I should know better by now, of course, yet I continue to be amazed at the way they do things in Washington. Year after year they go on piling up fresh deficits in the budget, adding to the national debt. But when will we start paying down that bill?  Or when will we at least stop adding to it? No one seems to know. Worse (apart from the occasional campaign sound bite), we rarely even talk about it.

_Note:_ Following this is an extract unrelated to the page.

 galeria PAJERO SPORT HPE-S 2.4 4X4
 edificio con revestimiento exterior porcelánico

One thing everyone seems to agree on: Something must be done to rein in the “entitlement programs.” Social Security and Medicare are absolutely out of control. We could raise premiums. Or reduce benefits. Or deny benefits to people who are already independently wealthy, because they don’t really need it.

Say what?

Just the other day, my father in-law sent me an e-mail with an interesting perspective: “Entitlement, my $@%&#, I paid for this!” He had a point. This isn’t welfare or food stamps. It’s not a free service that we hand out to people who are down on their luck. These are services that I pay for, little by little each week by the sweat of my brow, based upon the ironclad promise that my government will provide for my needs in my old age.

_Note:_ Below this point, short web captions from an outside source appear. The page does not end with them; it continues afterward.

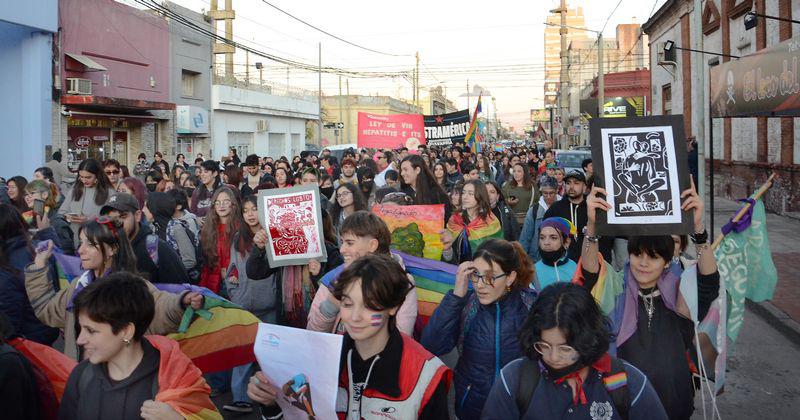 La Marcha del Orgullo en Olavarriacutea en 20 fotos 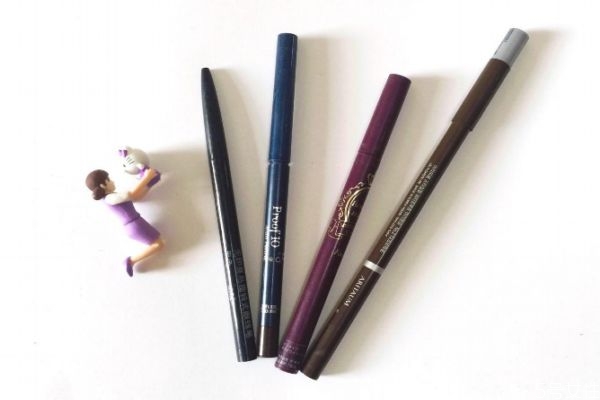 新手應(yīng)該怎么化眼線呢 化眼線的方法有什么呢 新手應(yīng)該怎么化眼線呢 化眼線的方法有什么呢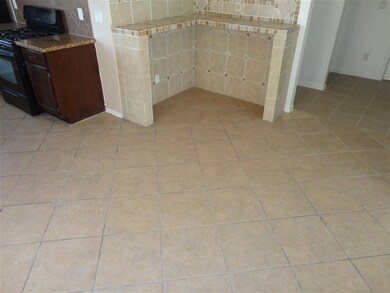 720 Desert Sage Dr, Horizon City, TX 79928 - photo 7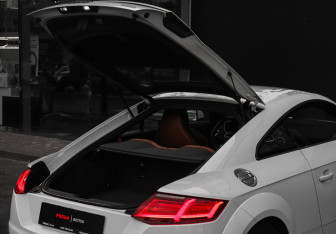 Подержанный автомобиль Audi TT Coupe 2015 года (34 фото)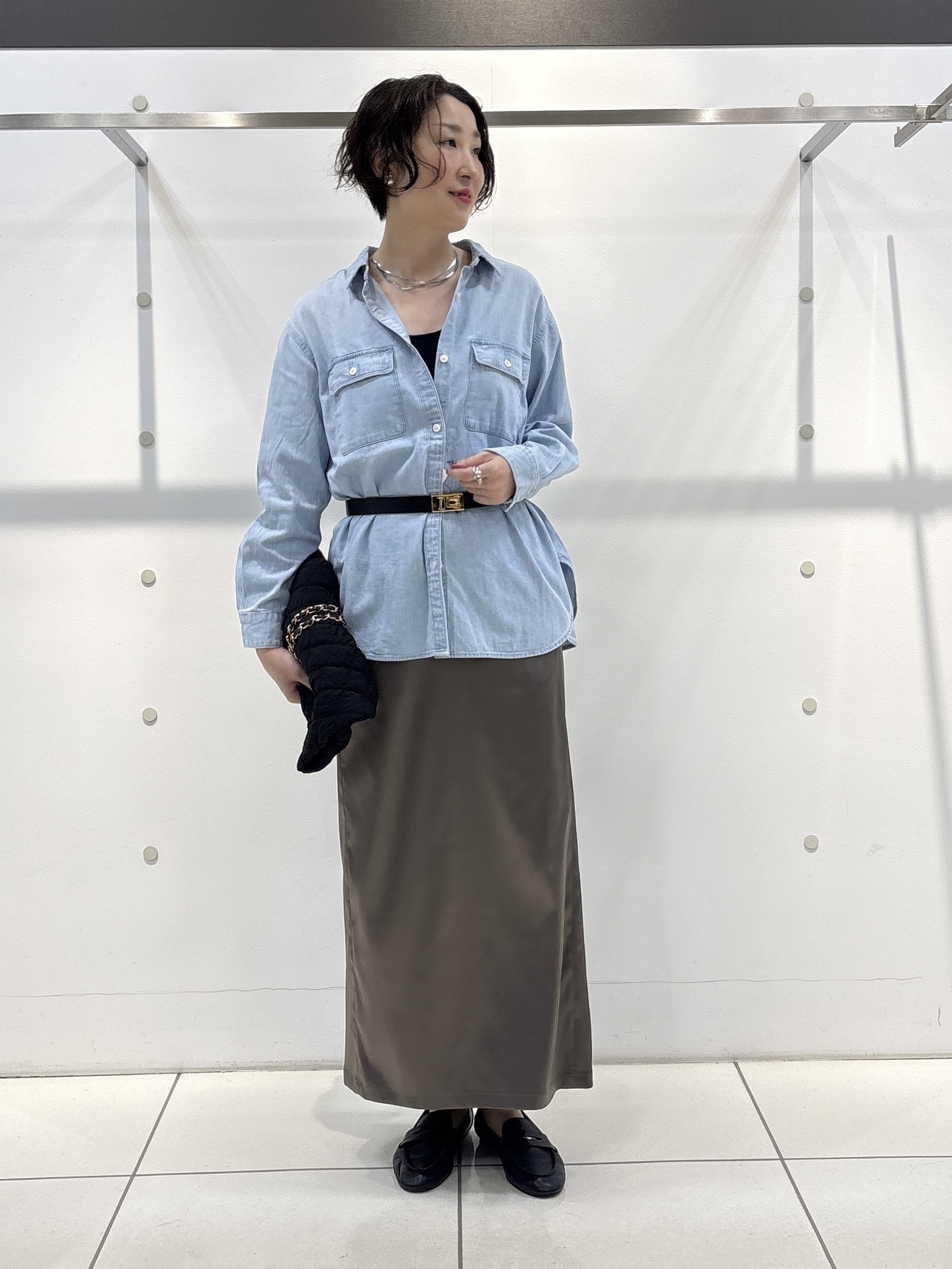 yuriさんの「INDIVI｜【洗える／体型カバー】ライトデニム ワークシャツ」を使ったコーディネート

If I retire at age 65, I will have been paying premiums into the Social Security and Medicare programs for just over 50 years. That’s tens of thousands of dollars in compulsory payments -- money I could have spent on a house or a car or college tuition or (since the money’s mine in the first place) -- Milk Duds, for that matter. 

Just imagine: A pension plan with hundreds of millions of captive customers who can’t opt out of your program. You can raise the required contribution, reduce the benefits, change the rules any way you want, any time you like, and you’re accountable to no one. Thousands of your customers die every year before they retire, and you get to keep their money.  Your board of directors can redirect the funds to other uses. And unlike every other pension plan in the country, you don’t have to grow the money by investing it in stock and bonds or pork bellies; instead, you simply pay off your current obligations with fresh contributions from new customers. (Wait, didn’t they just send Bernie Madoff to prison, for doing this very thing, but for a shorter time and on a much smaller scale? For the uninitiated, this is called a Ponzi scheme, and it’s illegal.)

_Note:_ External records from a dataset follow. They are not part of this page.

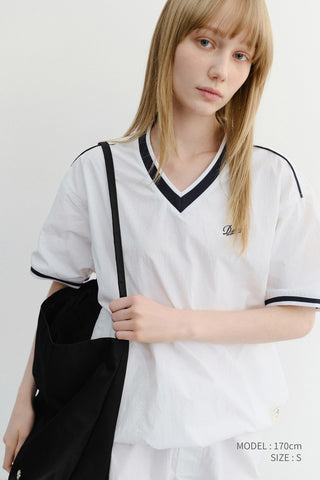 UNISEX V-NECK WOVEN TOP WHITE
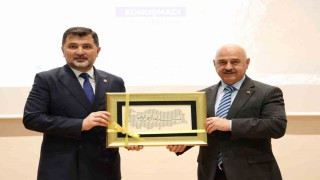 Milletvekili Öztürk Öğrenciler isimsiz kahramanlar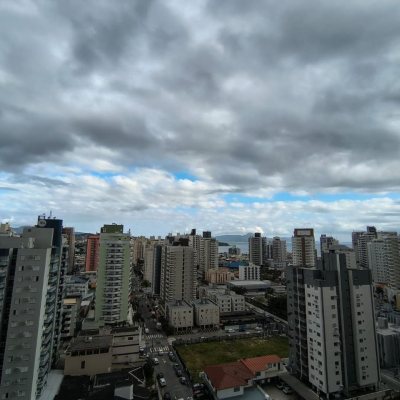 Cobertura com 459m², 4 quartos, 2 suítes, 3 garagens, no bairro Campinas em São José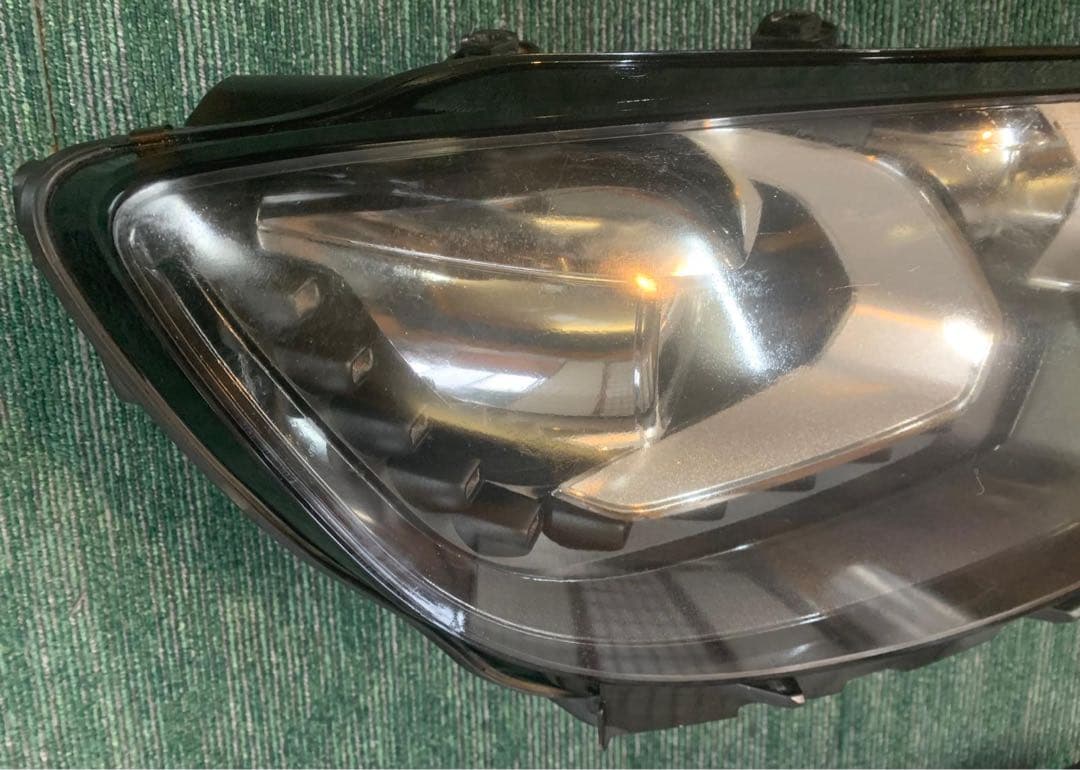 VW フォルクスワーゲン シャラン 2012 ヘッドライトセット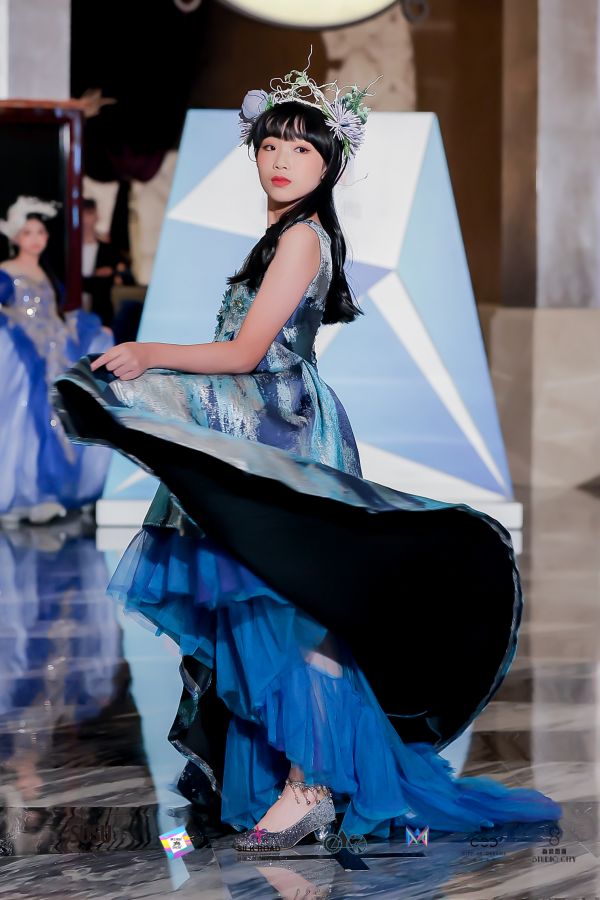 feebdbcbc3cdd965c7cdabe2eeccd04c557907.jpg 模王驾到 (9).jpg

Just imagine: A medical insurance plan where everyone has to spend decades paying premiums before they’re allowed to submit their first claim. Or even better, where thousands of your customers die every year before they’re qualified to file a claim and you get to keep their money. How is it possible to not make an obscene profit every year? I haven’t inquired at Aetna or Blue Cross, but I’m pretty sure they would love to get a piece of that action.
Man, I'm in the wrong business.

If any private pension fund or insurance company dared to operate this way, the feds would shut them down before you reach the end of this sentence. A judge would appoint someone to take over the operations, and the managers would go to jail. But if you’re the government? You can pretty much do as you please.

Now, some in Congress would like to abrogate that contract altogether and steal my money outright if I should happen to retire with too many cars, too many houses, or too much money in the bank. They say I don't need it. They say I should leave something on the table for someone else.  This is contemptible. It's just plain theft, pure and simple. Please, don't insult my intelligence by disguising it in some type of highbrow political doublespeak.

Will these "entitlements" be there for me sixteen years from now?  I'm not counting on it.